*EXERCISE GOAL*:
Set the pictures aside and write down, exactly as they appear, the lines from the one containing "Traditional Chinese National" through the end of the material.

*SUPPLIED RECORDS*:
+ + + + + + +
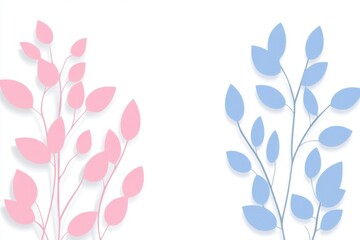 Poster - Tropical leaves and plants, pastel pink and blue colors, simple shapes, flat design, vector illustration, background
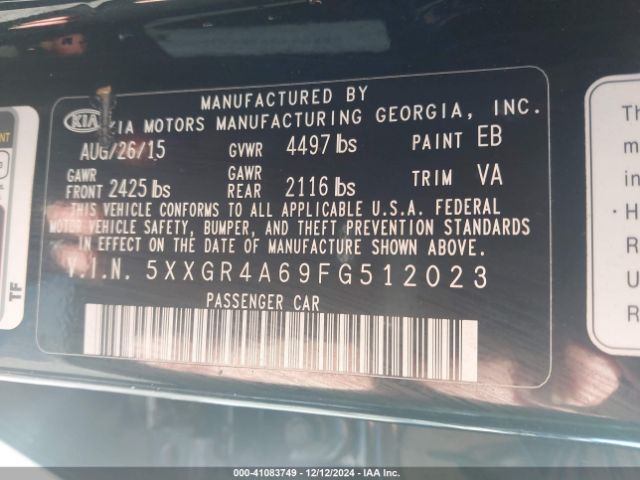 5XXGR4A69FG512023 KIA Optima Sxl Turbo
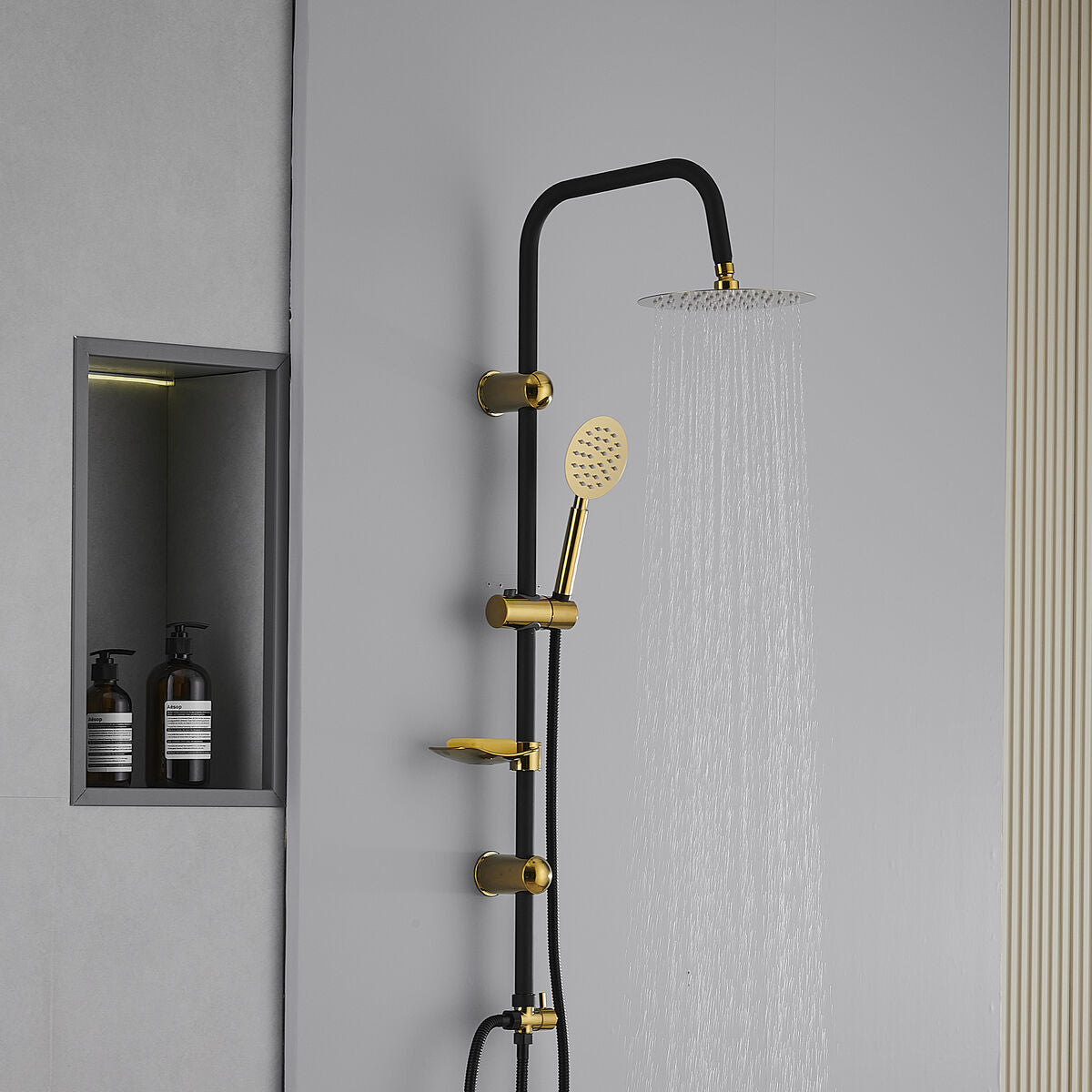 Colonne de douche Fontastock Noir Doré Acier inoxydable ABS Chrome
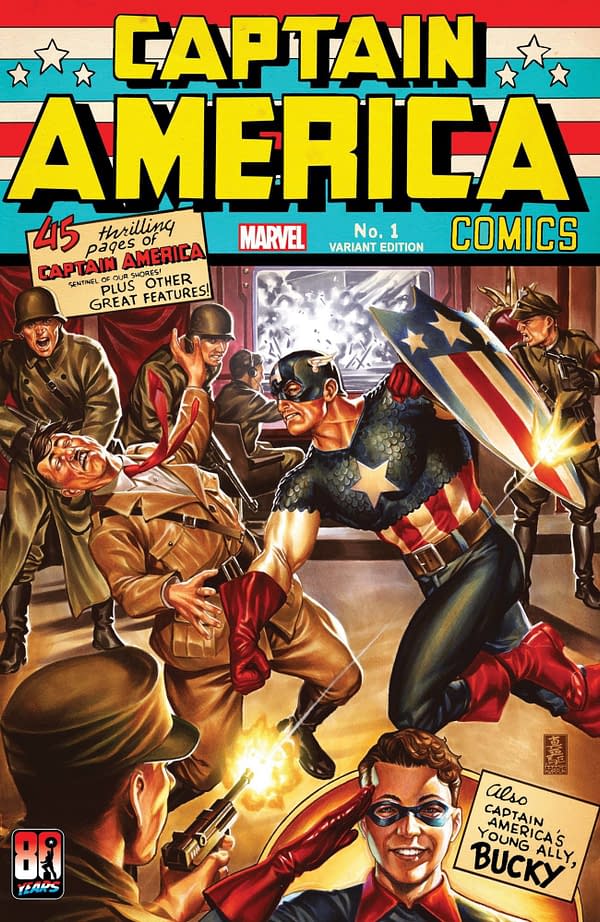 The variant cover for Captain America Anniversary Tribute #1 by Mark Brooks from Marvel Comics.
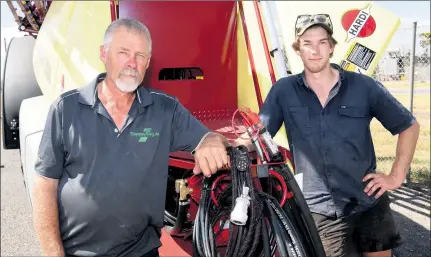  ?? ?? EXPERIENCE: Peter Hobbs, left, and Lachie Schultz, and the rest of the Wimmera Mallee Ag team will not be at 2023 Wimmera Machinery Field Days. Mr Hobbs said he had attended more than 30 field days events while working for the equipment supplier.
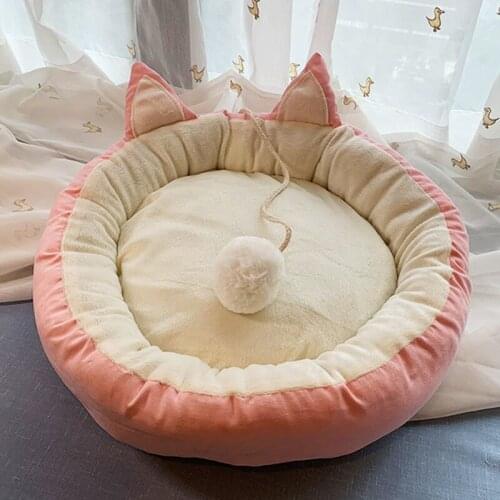 Dog Pet Bed Kennel Round Cat Bed Winter Warm Dog House Sleeping Soft Pet Bed Sleep Cats Nest Cat Supplies Puppy Cushion Mat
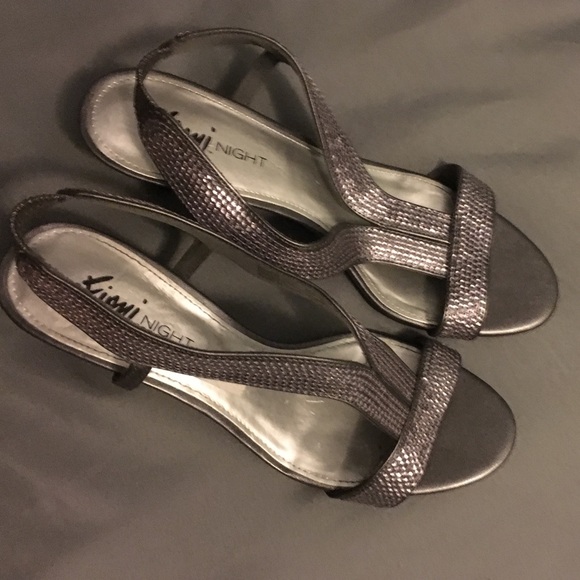 Silver one-inch heels!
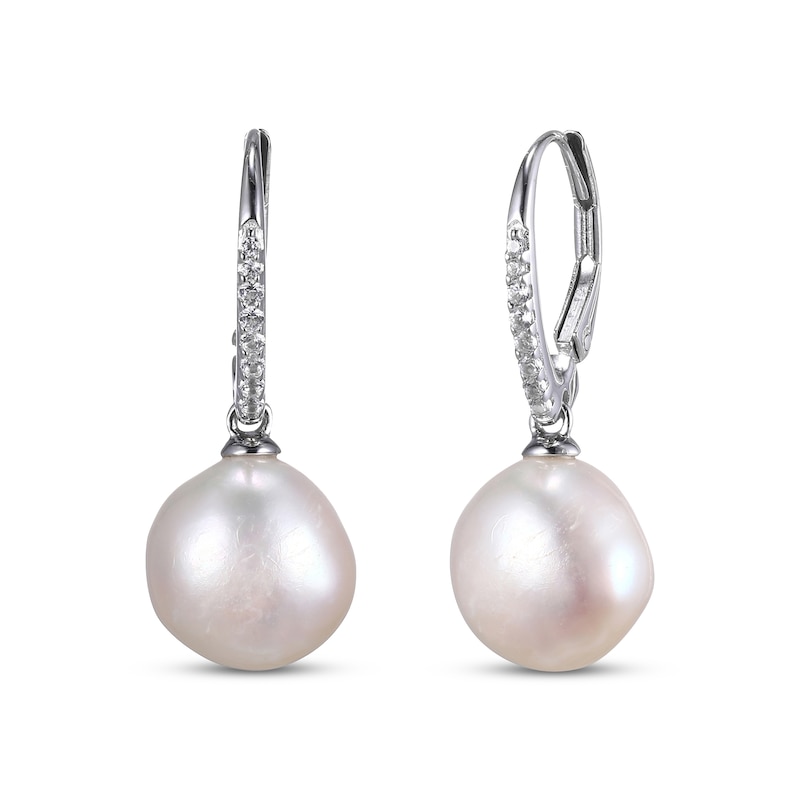 Main Image 1 of Cultured Pearl & White Lab-Created Sapphire Drop Earrings Sterling Silver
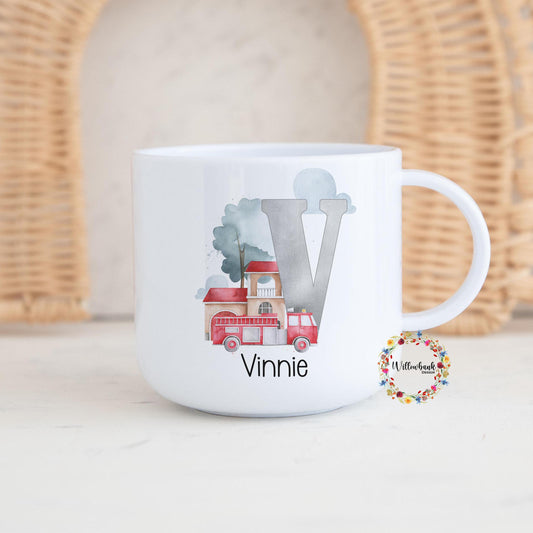 Children's Fire Engine Personalised Kids Unbreakable 6oz Mug l Gift For Child l Emergency Services l Emergency Vehicles l Toddler Cup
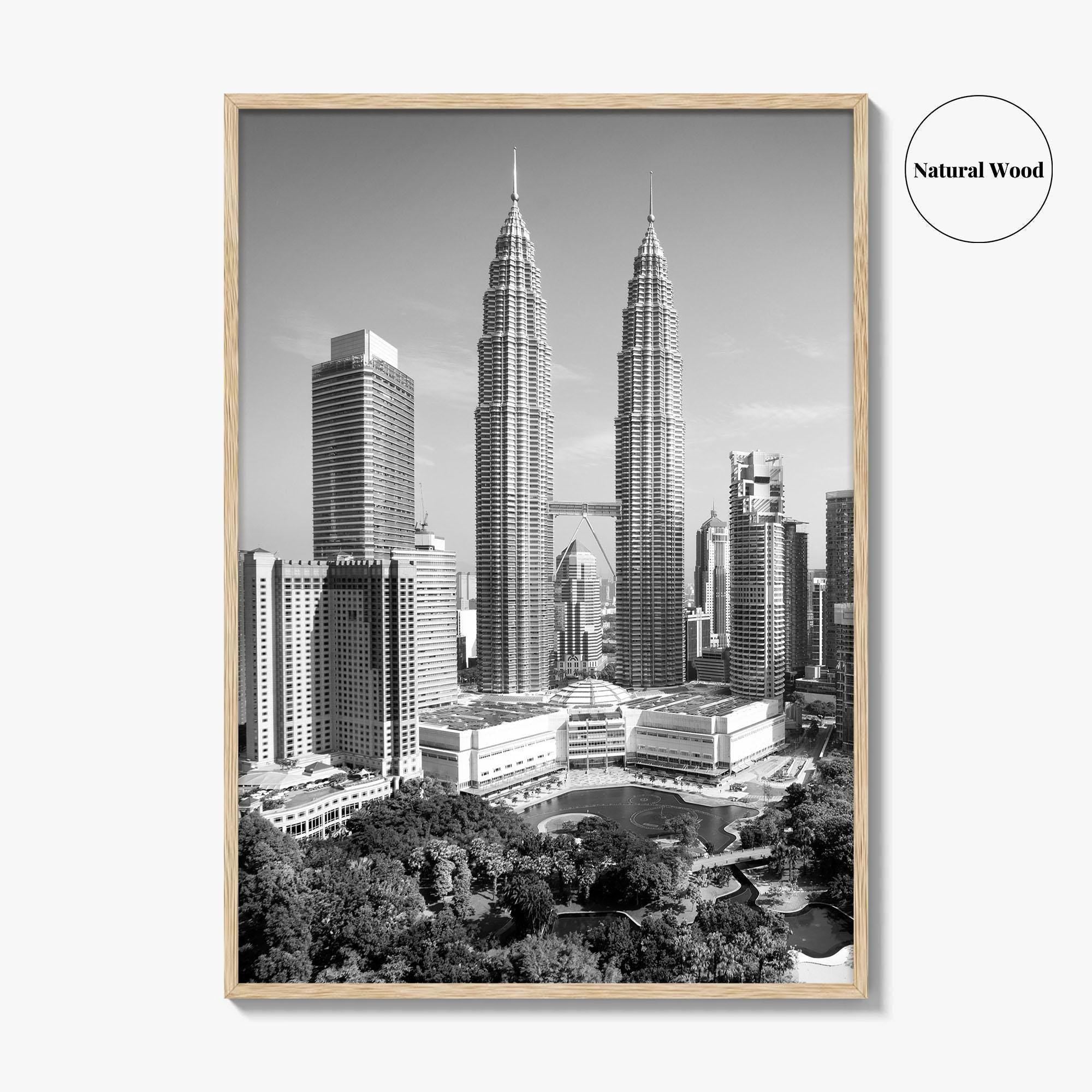 Kuala Lumpur Skyline Black and White Fine Art Photo Print, Malaysia Poster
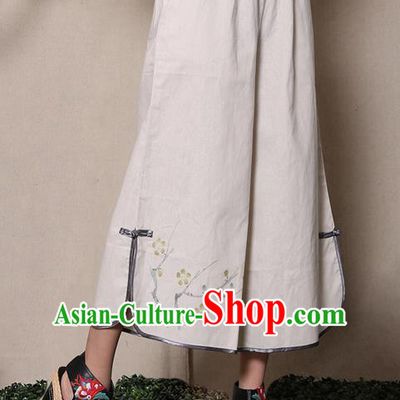 Traditional Chinese National Costume Loose Pants, Elegant Hanfu Ink Wintersweet Wide-leg Trousers, China Ethnic Minorities Folk Dance Baggy Pants for Women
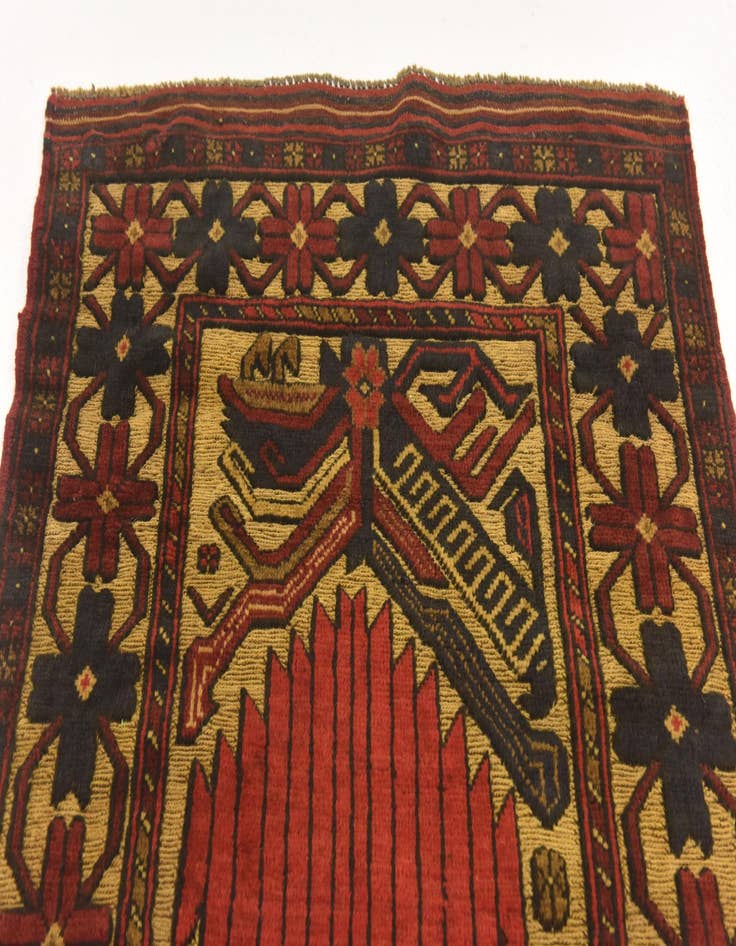 Detail image of  2' 8 x 4' 1  Hand Knotted Sumak Wool Rug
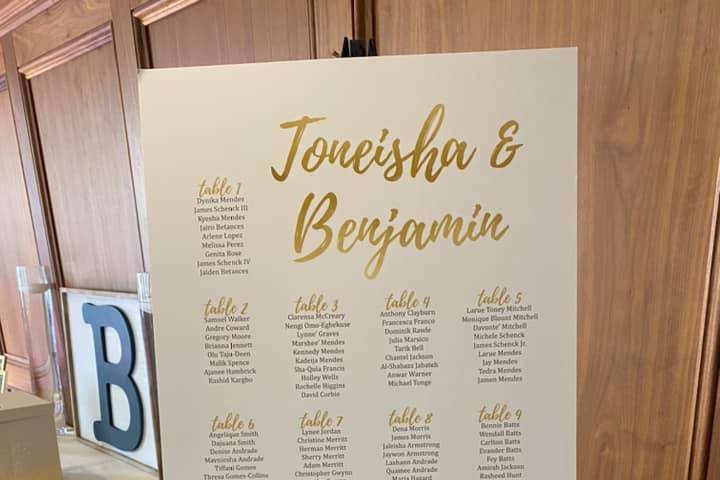 Custom wedding seating chart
+ + + + + + +
*YOUR RESPONSE*:
 Traditional Chinese National Costume Loose Pants, Elegant Hanfu Ink Wintersweet Wide-leg Trousers, China Ethnic Minorities Folk Dance Baggy Pants for Women
 Detail image of  2' 8 x 4' 1  Hand Knotted Sumak Wool Rug
 Custom wedding seating chart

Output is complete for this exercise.